Officials aware of the developments said that after this delay, the project’s deadline has been pushed back by two years, from 2026 to 2028.
The officials attribute the delay to inclusion of all 13 villages in the project. In December 2022, the MC and the French government’s Agence Française de Développement (AFD) signed the final project agreement, with a target of completion by 2026.
MC public health superintending engineer Harjeet Singh said the project is in the planning stage and will be delayed due to the inclusion of the 13 villages that were transferred to the civic body in 2019.
He confirmed that the project’s deadline has been pushed back by at least two years. “A single-stage tender will be now floated instead of a two-stage process,” he added.
He added that the LTTA has been instructed to expedite the project and prepare a request for proposal (RFP) detailing the project’s phased execution.
Conceived in 2016, the project has a financial outlay of ₹578 crore, of which ₹412 crore will be provided by AFD as a loan to be repaid over 15 years.
The European Union will contribute a grant of ₹100 crore and Chandigarh Smart City Limited will cover ₹68 crore of the cost.
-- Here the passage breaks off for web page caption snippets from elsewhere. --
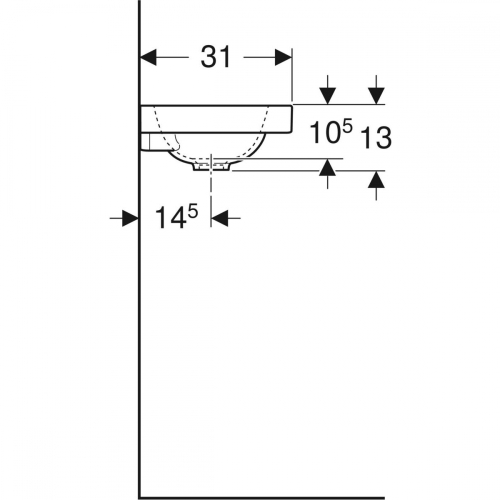 Geberit iCon Light kézmosó pakolófelülettel 53x31 cm jobbos 501.832.00.1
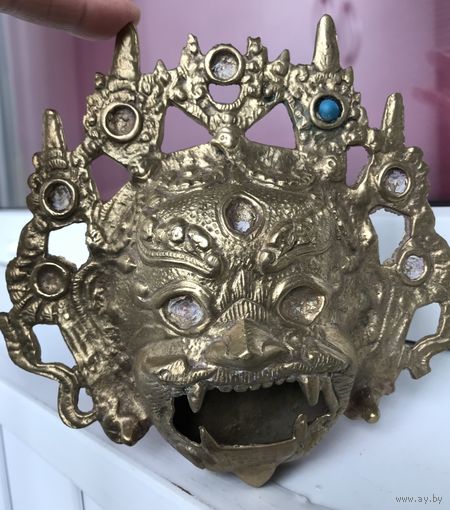 Старая маска Махакала Буддизм латунь/бронза
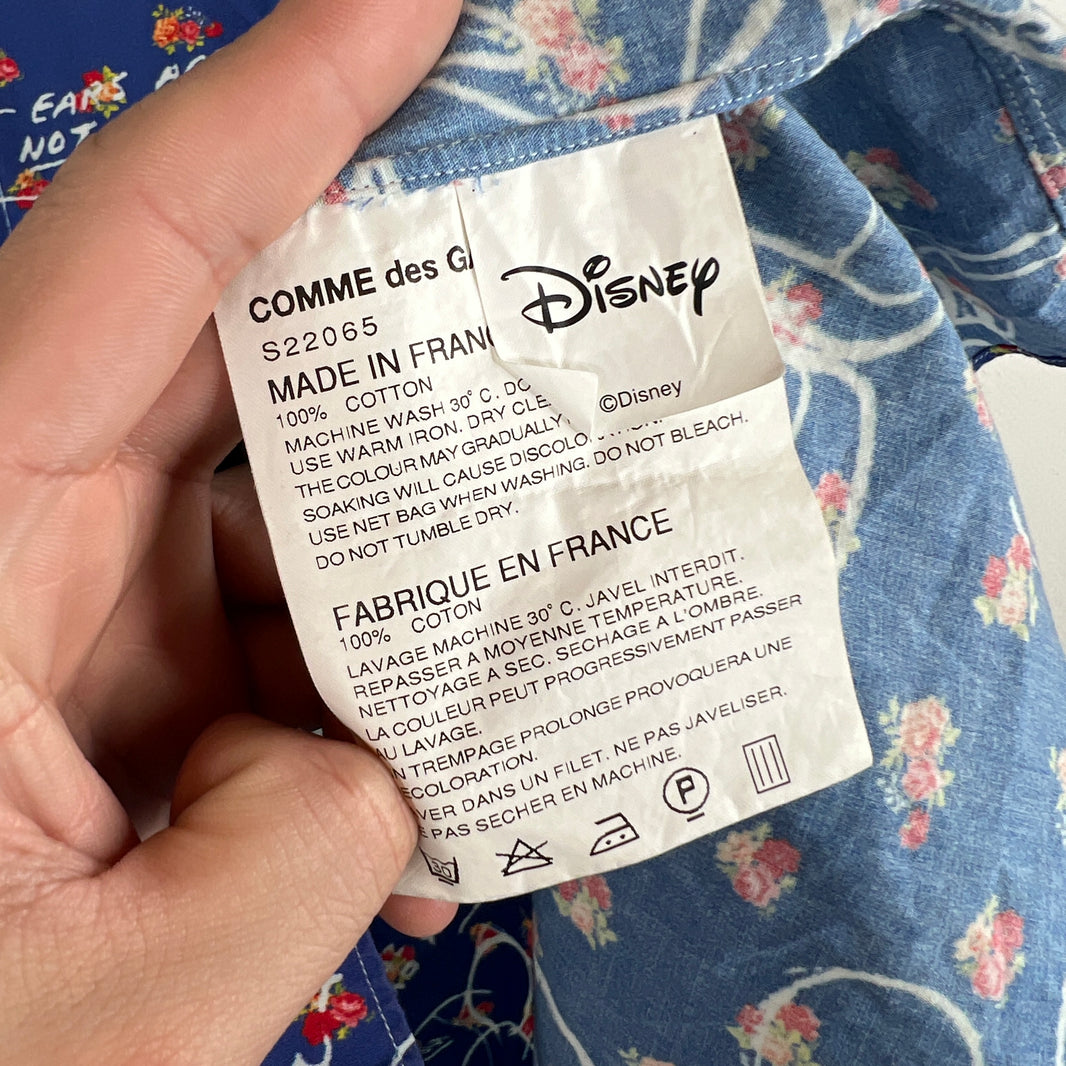 CDG Floral Mickey Mouse Button Up Shirt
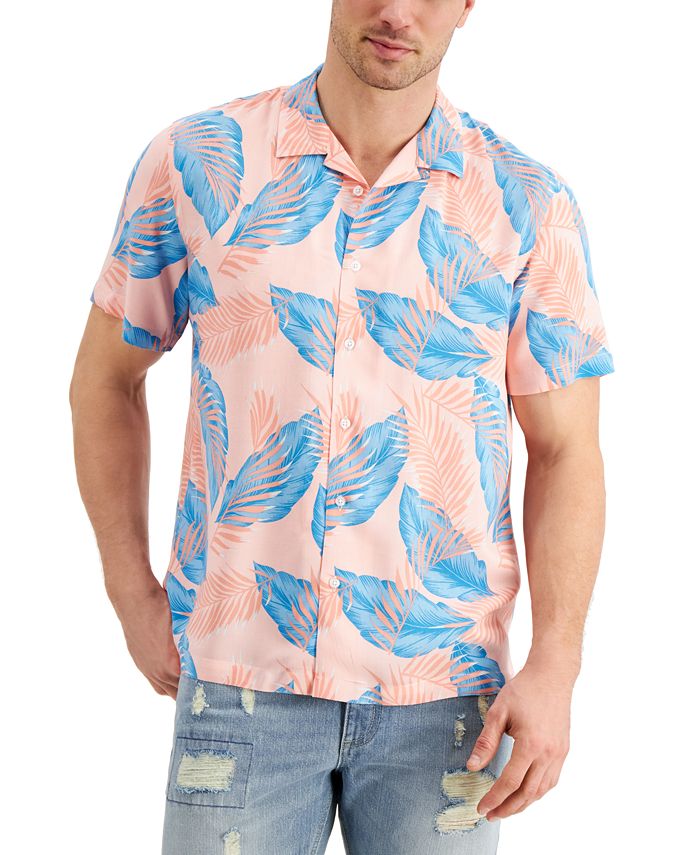 Sun + Stone Men's Tropical Print Camp Shirt, Created for Macy's - Macy's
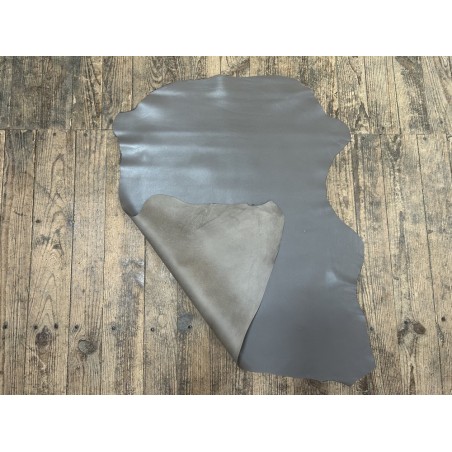 Peau de cuir d'agneau lisse gris taupe  - Cuir en Stock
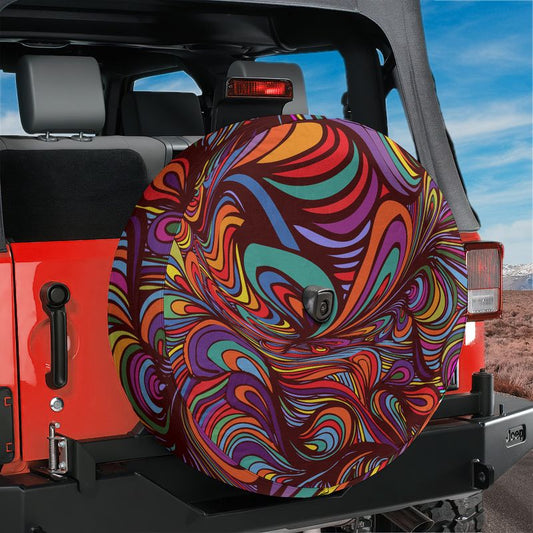 Kaleidoscopic Abstract Dream Spare Tire Cover With Backup Camera Hole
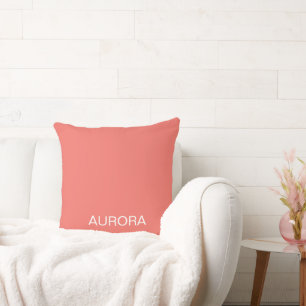 Elegant Sunset Coral Personalized Name - Throw Pillow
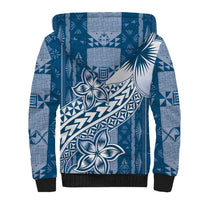 Tonga Kupesi Ngatu Sherpa Hoodie Vintage Blue Plumeria LT05 - Polynesian Pride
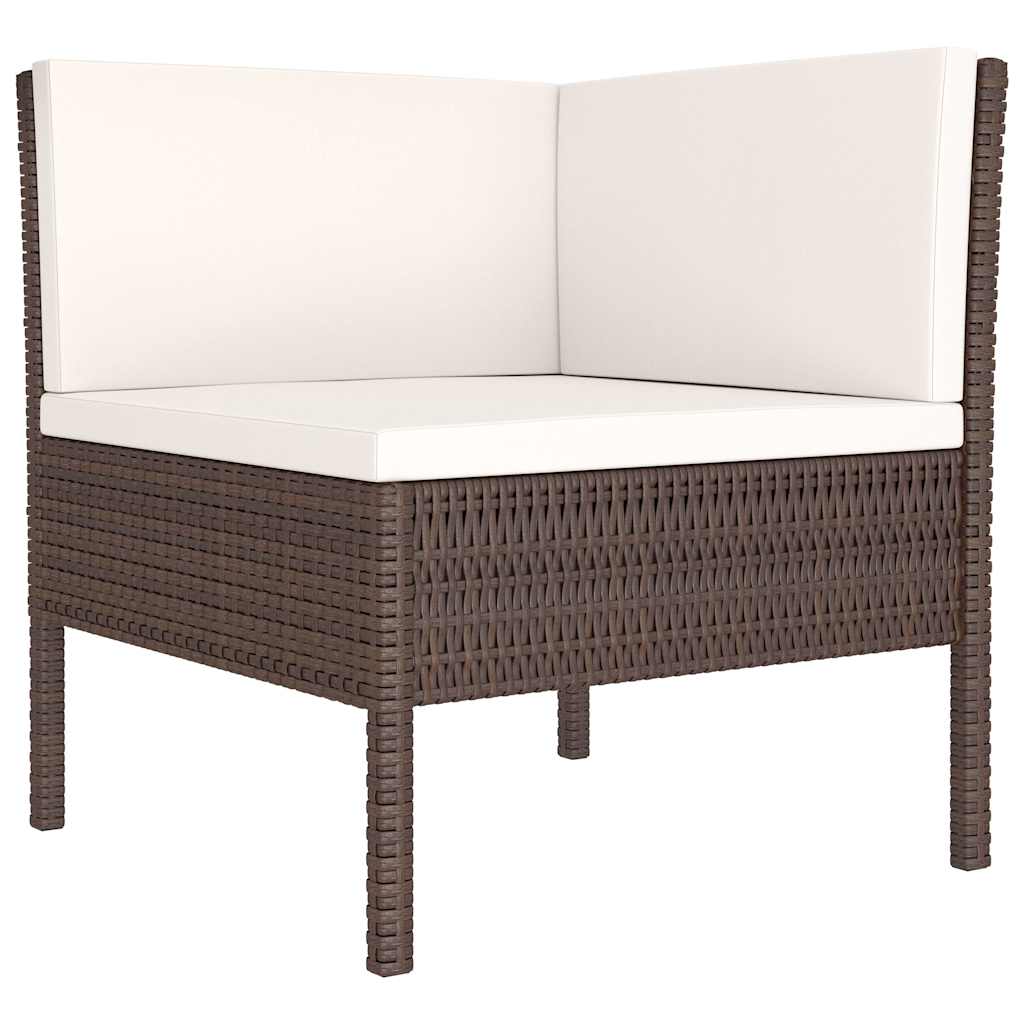 Set Divani da Giardino 10 pz con Cuscini in Polyrattan Marrone | homemem39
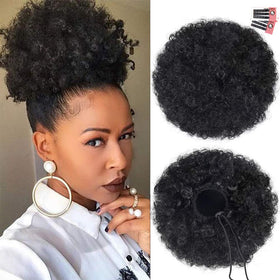rosmile Afro Puff Drawstring Ponytail Extension front view in 1B# black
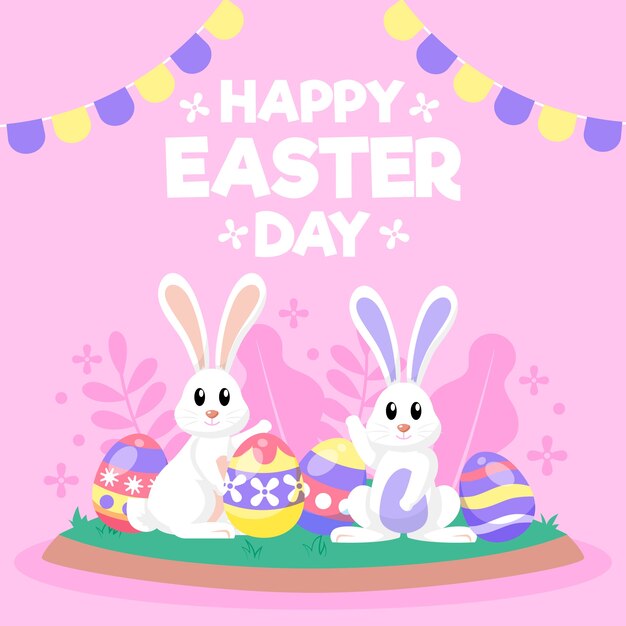 Diseño plano fondo de pantalla feliz día de pascua con conejitos y aggs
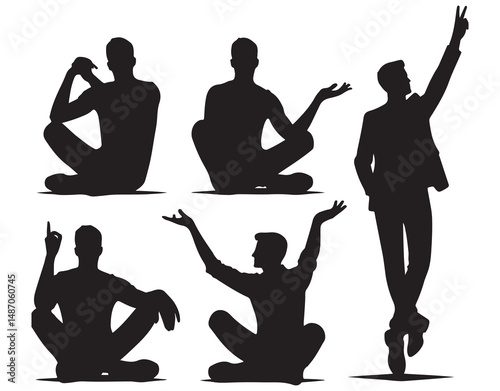 Modern Silhouette Vector Set of Businessmen Sitting on Chairs in Dynamic Conversation and Presentation Poses – Ideal for Corporate, Office, Meeting, and Business Communication Designs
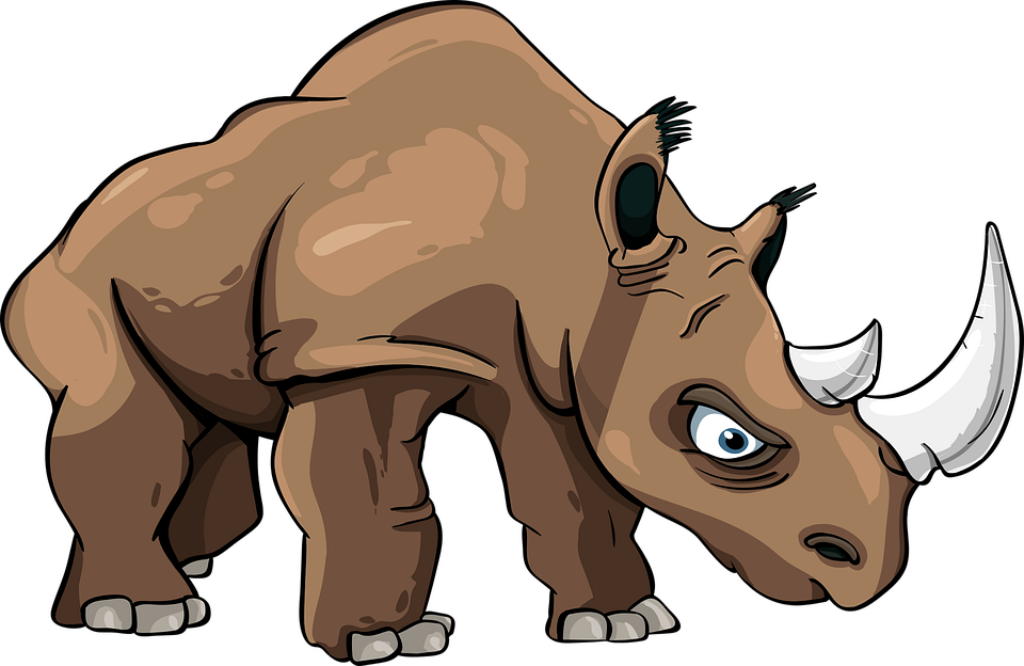 Playful Cartoon Rhino Wallpaper: Fun & Stylized Design Background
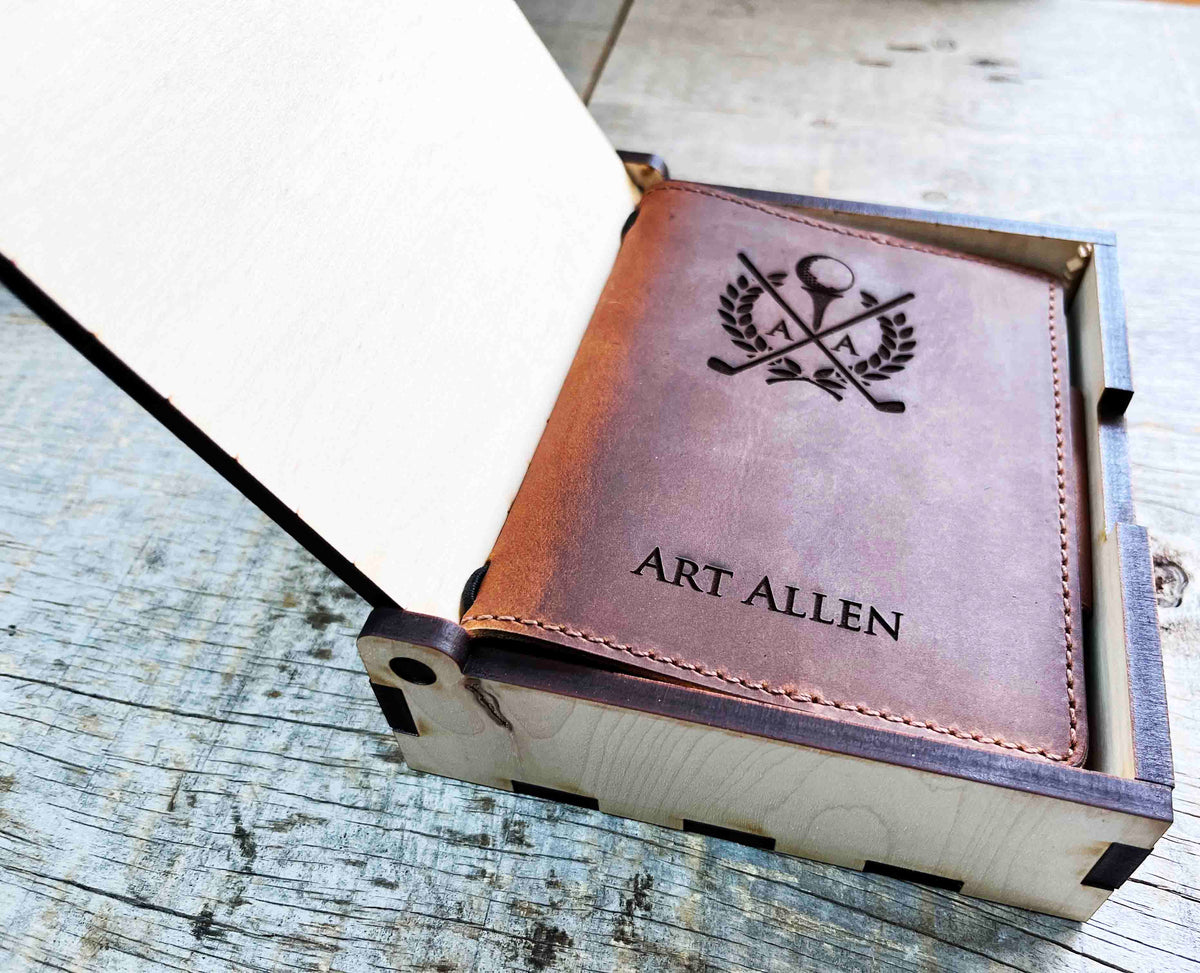 Refillable Golf Log Premium Leather Engraved Memories Made Custom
The project will be implemented in phases, dividing the city into 55 district metering areas (DMAs), with each DMA covering nearly a sector.
The first sector is expected to receive round-the-clock water supply by the end of this year, and the city will be covered by 2028.
The project aims to minimise water wastage by providing continuous high-pressure supply, reducing the need for water storage.
Other objectives include increasing water resource efficiency through leakage reduction, smart metering, reducing dependence on groundwater and monitoring energy consumption.
Sensors in the supply system will measure real-time water consumption, levels and flow rates. Smart meters will provide consumers with data to monitor their usage and reduce costs and allow for remote monitoring and billing.
Around 270 km of the city’s supply network, which is currently not suited for high-pressure supply, will be replaced.